青山学院大生・殺人事件


−経緯−
平成6年2月18日、東京都世田谷区のアパートで青山学院大学4年生の松本浩二さん(当時23歳)が血を流して死んでいるのを訪ねてきた叔母が発見し警察に通報した。

大阪の母親が「浩二と2日前から連絡が取れない」と東京に住む妹(浩二さんの叔母)に連絡。不審を抱いた叔母は浩二さんのアパートを訪ねて大家に事情を説明。部屋を開けると浩二さんは体をロープで縛られ口はガムテープで塞がれて刺し殺されていた。

警察は、現場検証・聞き込み捜査を開始した。松本さんの知人に対する事情聴取で金や女性関係など一切問題が無かった。むしろ、誰にも好かれる松本さんの性格は周りから高い信頼を得て「恨みを買う」ことなど考えられなかった。

一方警察は、周辺捜査で同アパートに住む学生から「事件の2日前に松本さんの部屋の隣から不審な若い男女が出てきた」という証言を得た。そこで警察は松本さんの隣の部屋を家宅捜査したところ、血痕が発見された。この部屋の住人も大学生で、彼は宮崎県に帰省していた。

早速、この学生に事情聴取したところ、犯行当日は実家におりアリバイは成立。が、彼は<以前、付き合っていた女がヤクザ風の男と連れ立ってきたことがある。この時、金を脅し取られたため怖くなって帰省している>と証言した。警察は、この男女が事件2日前の不審な若い男女とみて行方を追った。

一方、静岡県熱海の別荘で不審な男女がガスボンベを爆発させて火傷を追った。この2人は、無職・出水智秀(当時20歳)と無職・飯田正美(当時20歳)であった。2人は無断で別荘に侵入しガス自殺しようとしたが死にきれず、出水がタバコに火を点けた途端爆発したことが判明した。

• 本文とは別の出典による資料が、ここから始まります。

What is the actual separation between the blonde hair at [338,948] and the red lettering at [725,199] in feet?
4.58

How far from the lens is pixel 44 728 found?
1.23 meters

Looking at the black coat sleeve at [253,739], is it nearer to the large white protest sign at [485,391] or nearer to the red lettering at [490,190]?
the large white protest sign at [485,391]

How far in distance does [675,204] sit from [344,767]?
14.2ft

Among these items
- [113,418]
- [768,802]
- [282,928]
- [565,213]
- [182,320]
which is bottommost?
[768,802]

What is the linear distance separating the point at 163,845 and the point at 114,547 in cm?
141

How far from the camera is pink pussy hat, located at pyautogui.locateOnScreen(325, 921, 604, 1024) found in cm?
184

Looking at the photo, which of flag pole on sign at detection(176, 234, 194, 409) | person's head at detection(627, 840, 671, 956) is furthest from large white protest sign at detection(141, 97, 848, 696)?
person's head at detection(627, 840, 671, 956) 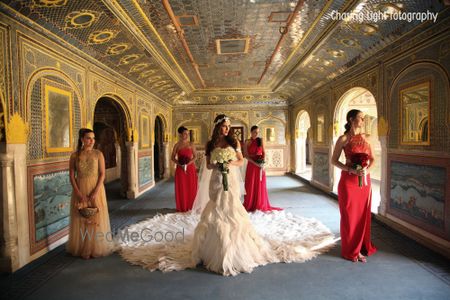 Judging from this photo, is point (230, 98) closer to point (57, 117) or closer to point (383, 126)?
point (383, 126)

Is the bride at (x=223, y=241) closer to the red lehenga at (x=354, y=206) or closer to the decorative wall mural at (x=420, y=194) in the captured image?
the red lehenga at (x=354, y=206)

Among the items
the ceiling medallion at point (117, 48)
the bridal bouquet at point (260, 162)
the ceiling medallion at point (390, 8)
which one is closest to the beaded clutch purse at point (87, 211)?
the ceiling medallion at point (117, 48)

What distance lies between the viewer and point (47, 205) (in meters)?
4.62

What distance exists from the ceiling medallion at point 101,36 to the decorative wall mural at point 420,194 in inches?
246

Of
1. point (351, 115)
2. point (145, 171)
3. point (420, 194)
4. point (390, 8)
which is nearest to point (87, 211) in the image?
point (351, 115)

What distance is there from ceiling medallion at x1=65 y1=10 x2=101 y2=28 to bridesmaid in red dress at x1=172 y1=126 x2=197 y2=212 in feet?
10.2

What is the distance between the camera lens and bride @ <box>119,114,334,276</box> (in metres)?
3.79

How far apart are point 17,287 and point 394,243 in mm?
5712

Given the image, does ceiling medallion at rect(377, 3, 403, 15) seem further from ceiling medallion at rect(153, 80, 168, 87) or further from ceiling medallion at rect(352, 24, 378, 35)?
ceiling medallion at rect(153, 80, 168, 87)

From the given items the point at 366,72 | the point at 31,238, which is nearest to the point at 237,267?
the point at 31,238

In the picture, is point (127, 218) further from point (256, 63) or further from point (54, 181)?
point (256, 63)

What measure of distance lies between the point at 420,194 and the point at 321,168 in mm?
5115

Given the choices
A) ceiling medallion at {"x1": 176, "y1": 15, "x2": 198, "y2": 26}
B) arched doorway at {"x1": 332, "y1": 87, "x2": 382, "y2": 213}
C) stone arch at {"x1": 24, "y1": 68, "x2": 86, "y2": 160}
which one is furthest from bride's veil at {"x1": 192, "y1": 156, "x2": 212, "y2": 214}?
arched doorway at {"x1": 332, "y1": 87, "x2": 382, "y2": 213}

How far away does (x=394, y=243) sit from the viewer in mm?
4719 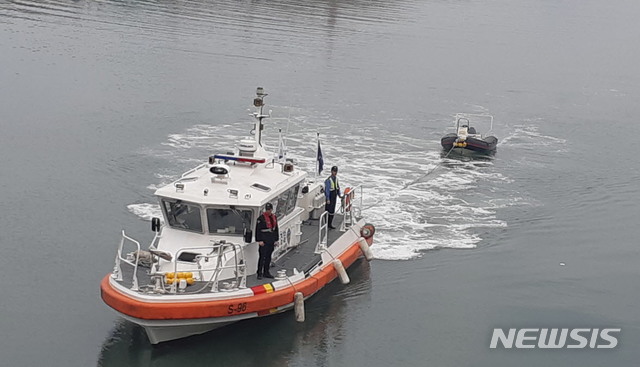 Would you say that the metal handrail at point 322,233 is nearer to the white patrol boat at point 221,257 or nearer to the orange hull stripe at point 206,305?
the white patrol boat at point 221,257

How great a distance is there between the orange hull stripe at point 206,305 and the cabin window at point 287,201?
1571 millimetres

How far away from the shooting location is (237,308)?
16500 mm

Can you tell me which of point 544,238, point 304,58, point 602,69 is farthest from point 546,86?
point 544,238

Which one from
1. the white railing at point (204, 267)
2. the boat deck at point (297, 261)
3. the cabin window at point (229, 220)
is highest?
the cabin window at point (229, 220)

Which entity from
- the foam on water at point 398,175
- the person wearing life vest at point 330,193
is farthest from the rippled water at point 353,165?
the person wearing life vest at point 330,193

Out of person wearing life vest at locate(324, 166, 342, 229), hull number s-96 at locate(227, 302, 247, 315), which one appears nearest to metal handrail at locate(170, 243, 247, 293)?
hull number s-96 at locate(227, 302, 247, 315)

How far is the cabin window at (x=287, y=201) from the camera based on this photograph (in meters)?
18.8

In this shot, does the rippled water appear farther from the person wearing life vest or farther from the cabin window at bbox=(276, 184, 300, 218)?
the cabin window at bbox=(276, 184, 300, 218)

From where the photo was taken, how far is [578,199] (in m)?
27.9

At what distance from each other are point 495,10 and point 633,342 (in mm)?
61098

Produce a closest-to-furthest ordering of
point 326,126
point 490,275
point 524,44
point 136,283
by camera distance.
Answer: point 136,283 → point 490,275 → point 326,126 → point 524,44

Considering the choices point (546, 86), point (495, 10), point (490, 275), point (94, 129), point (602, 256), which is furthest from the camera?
point (495, 10)

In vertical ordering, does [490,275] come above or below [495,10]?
below

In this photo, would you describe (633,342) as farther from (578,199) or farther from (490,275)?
(578,199) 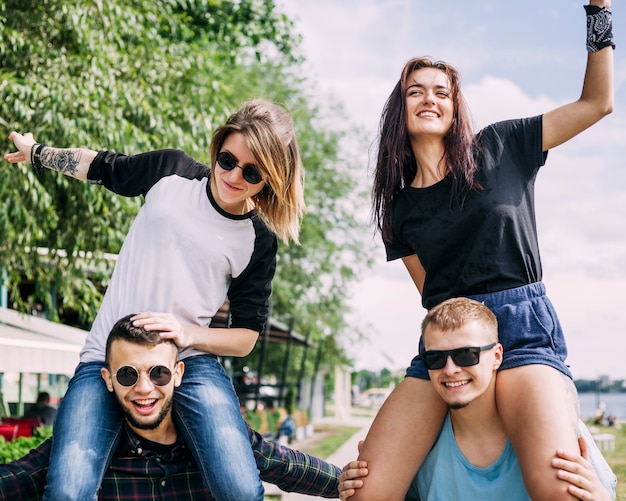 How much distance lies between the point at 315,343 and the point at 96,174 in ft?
93.2

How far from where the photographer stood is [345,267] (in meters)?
26.3

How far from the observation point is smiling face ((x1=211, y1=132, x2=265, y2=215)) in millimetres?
4141

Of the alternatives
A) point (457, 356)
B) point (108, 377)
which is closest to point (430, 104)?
point (457, 356)

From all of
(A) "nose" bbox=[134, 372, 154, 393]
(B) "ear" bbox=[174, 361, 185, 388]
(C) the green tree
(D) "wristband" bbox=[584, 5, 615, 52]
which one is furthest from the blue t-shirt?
(C) the green tree

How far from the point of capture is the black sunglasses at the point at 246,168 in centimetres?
414

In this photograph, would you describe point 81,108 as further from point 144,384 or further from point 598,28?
point 598,28

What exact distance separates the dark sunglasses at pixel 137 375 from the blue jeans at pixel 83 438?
0.14 metres

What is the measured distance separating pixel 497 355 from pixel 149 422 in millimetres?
1649

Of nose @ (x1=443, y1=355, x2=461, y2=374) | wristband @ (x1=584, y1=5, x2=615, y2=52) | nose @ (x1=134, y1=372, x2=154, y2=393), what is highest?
wristband @ (x1=584, y1=5, x2=615, y2=52)

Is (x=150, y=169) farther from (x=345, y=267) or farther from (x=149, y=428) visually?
(x=345, y=267)

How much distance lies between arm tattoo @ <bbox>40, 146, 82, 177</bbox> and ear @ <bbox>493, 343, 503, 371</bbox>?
2404mm

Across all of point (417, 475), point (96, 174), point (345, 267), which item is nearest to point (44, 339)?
point (96, 174)

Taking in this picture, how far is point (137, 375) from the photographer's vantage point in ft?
12.8

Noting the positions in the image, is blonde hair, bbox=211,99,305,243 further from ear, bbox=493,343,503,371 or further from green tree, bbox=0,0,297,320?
green tree, bbox=0,0,297,320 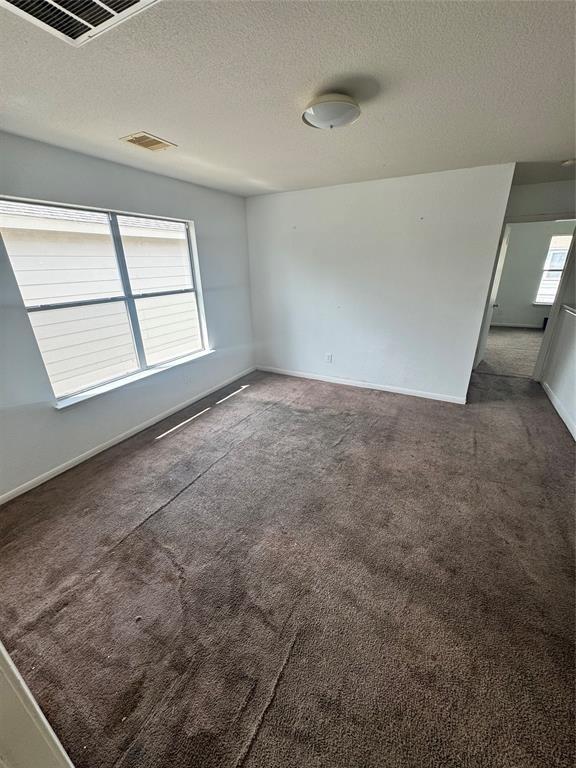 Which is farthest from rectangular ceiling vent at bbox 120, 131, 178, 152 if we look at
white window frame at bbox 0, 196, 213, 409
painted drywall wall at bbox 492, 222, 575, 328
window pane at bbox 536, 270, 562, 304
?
window pane at bbox 536, 270, 562, 304

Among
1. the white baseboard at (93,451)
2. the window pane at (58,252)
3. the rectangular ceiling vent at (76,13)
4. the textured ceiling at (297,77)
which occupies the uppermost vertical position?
the textured ceiling at (297,77)

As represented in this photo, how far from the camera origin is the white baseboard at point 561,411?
9.60 feet

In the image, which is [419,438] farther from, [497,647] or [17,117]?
[17,117]

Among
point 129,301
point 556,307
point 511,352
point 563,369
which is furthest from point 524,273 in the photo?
point 129,301

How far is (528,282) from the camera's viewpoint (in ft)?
22.3

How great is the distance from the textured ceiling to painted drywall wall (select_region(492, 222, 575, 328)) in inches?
204

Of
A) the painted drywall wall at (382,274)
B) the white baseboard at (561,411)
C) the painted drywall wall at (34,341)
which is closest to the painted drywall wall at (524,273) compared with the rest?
the white baseboard at (561,411)

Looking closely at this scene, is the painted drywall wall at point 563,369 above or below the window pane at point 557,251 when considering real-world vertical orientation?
below

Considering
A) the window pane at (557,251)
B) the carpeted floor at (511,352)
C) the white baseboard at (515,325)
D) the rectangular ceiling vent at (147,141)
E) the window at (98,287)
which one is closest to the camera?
the rectangular ceiling vent at (147,141)

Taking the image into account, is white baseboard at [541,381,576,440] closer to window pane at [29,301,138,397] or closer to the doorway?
the doorway

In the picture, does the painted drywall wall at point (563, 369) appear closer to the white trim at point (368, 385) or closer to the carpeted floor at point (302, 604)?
the carpeted floor at point (302, 604)

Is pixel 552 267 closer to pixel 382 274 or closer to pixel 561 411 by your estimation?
pixel 561 411

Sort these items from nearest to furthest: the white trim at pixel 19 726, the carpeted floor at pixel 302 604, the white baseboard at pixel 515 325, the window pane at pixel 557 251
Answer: the white trim at pixel 19 726
the carpeted floor at pixel 302 604
the window pane at pixel 557 251
the white baseboard at pixel 515 325

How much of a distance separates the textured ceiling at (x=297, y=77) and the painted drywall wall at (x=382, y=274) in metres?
0.76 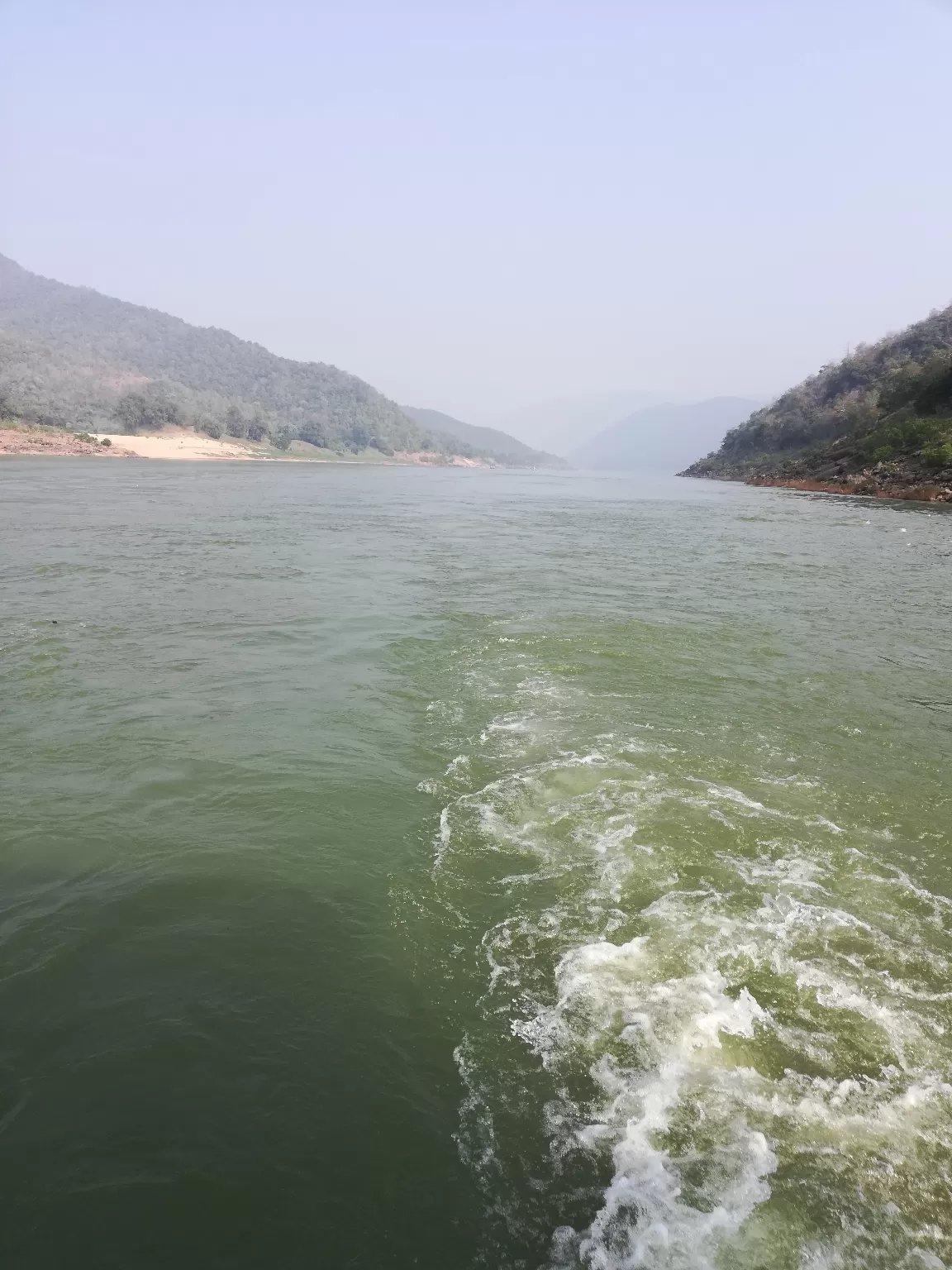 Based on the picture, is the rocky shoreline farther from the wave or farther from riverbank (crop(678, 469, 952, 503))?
the wave

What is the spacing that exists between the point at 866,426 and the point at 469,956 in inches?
2721

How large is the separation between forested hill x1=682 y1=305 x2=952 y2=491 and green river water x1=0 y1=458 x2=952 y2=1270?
41.9 metres

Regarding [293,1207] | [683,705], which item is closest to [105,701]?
[293,1207]

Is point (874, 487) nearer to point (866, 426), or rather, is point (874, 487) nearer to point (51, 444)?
point (866, 426)

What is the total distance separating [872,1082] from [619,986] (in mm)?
1240

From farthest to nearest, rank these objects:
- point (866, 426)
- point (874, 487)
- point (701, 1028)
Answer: point (866, 426) < point (874, 487) < point (701, 1028)

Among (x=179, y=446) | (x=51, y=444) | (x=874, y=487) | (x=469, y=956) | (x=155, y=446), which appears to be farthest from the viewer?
(x=179, y=446)

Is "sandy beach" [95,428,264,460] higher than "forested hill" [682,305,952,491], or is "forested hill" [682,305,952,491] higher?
"forested hill" [682,305,952,491]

熱海署で事情聴取を受けた飯田は東京・世田谷の青山大生殺害事件を供述した。また、この飯田が宮崎県に帰省している大学生と中学時代から最近まで付き合っていたことも判明した。

−理不尽な動機−
出水と飯田は名古屋で知り合った。出水は少年院を退院して工事会社に勤務していた。2人は交際を重ねながら40件以上の窃盗を繰り返していた。その後、2人は以前付き合っていた学生を脅して金を巻き上げようと再び、東京・世田谷のアパートを訪ねた。事前に察知していた学生は実家の宮埼に帰省していたため不在だった。そこで出水はベランダ側にある雨どいを伝って部屋に侵入しドアを開けて飯田を招き入れ、勝手に生活を始めた。

2月15日、2人は<隣の学生(松本さん)を脅して金を巻き上げよう>と相談。飯田が、松本さんのドアを叩いて「換気扇の修理」をお願いした。快く引き受けた松本さんが部屋に入ると出水からナイフで脅され金を強奪された。

出水は飯田に松本さんとセックスすることを強要。両手・両足を縛られナイフで脅された松本さんは無抵抗の状態。やがて、飯田が歓喜の声を上げると、これに嫉妬した出水が松本さんの腹にナイフを突き刺し、その後飯田も荷担して殺害した。9月5日東京地裁は出水に無期懲役。飯田に懲役15年を言い渡した。この時、飯田は妊娠9ヶ月。判決から1ヵ月後の10月に獄中出産した。

−大空を夢見た松本さん−
松本さんは、大学の卒業が決定。さらに「パイロット」になりたいという夢が叶い4月から宮崎県の航空大学に進学する予定だった。何の落度も無い松本さんは、いとも簡単に殺されて大きな夢は消え去った。この2人が居なかったら、今頃は国際線パイロットとして大空を飛んでいたであろう。